### INFORMATION PROVIDED
----

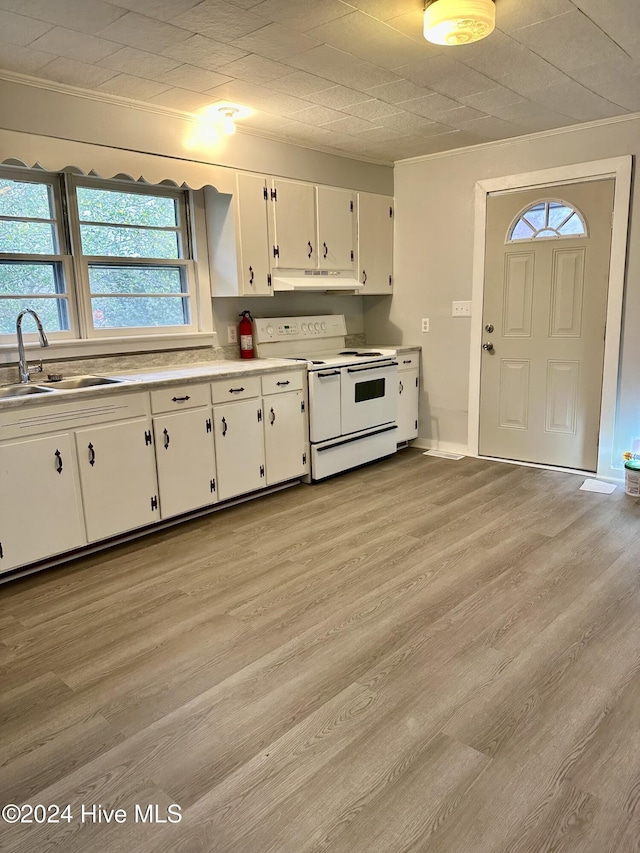 kitchen with white cabinetry, double oven range, sink, and light hardwood / wood-style flooring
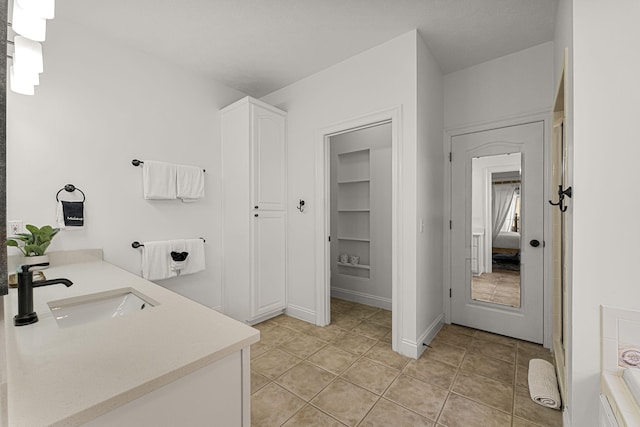 bathroom featuring tile patterned flooring and vanity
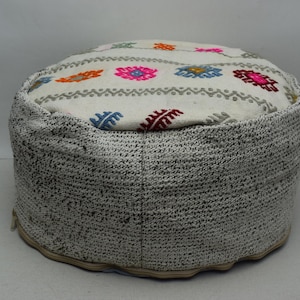 May include: A round, white and grey ottoman with a colourful embroidered top. The ottoman has a woven texture and is perfect for adding a touch of bohemian style to any room.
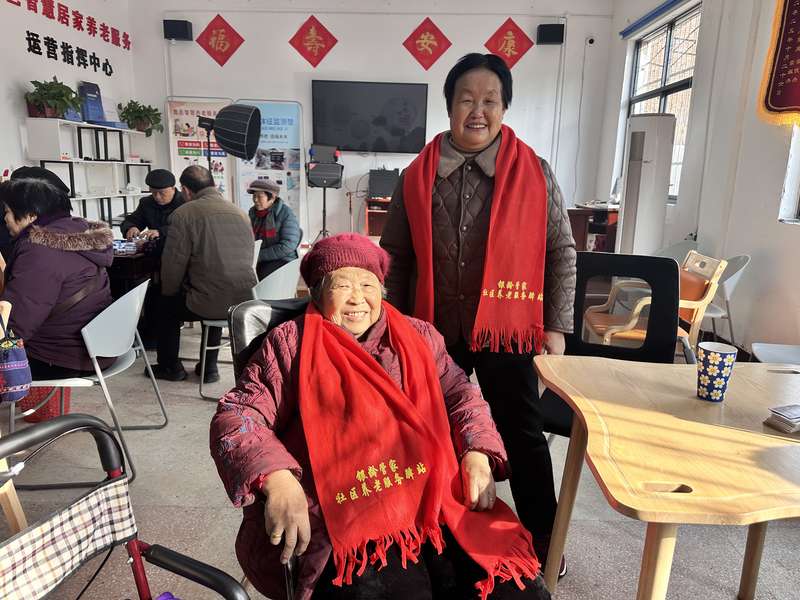 鹿邑智慧居家养老服务运营指挥中心内，老人佩戴'银龄管家社区养老服务驿站'红围巾合影。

----

Copy the listing above verbatim, leaving out pictures.

### RESULT
 kitchen with white cabinetry, double oven range, sink, and light hardwood / wood-style flooring
 bathroom featuring tile patterned flooring and vanity
 May include: A round, white and grey ottoman with a colourful embroidered top. The ottoman has a woven texture and is perfect for adding a touch of bohemian style to any room.
 鹿邑智慧居家养老服务运营指挥中心内，老人佩戴'银龄管家社区养老服务驿站'红围巾合影。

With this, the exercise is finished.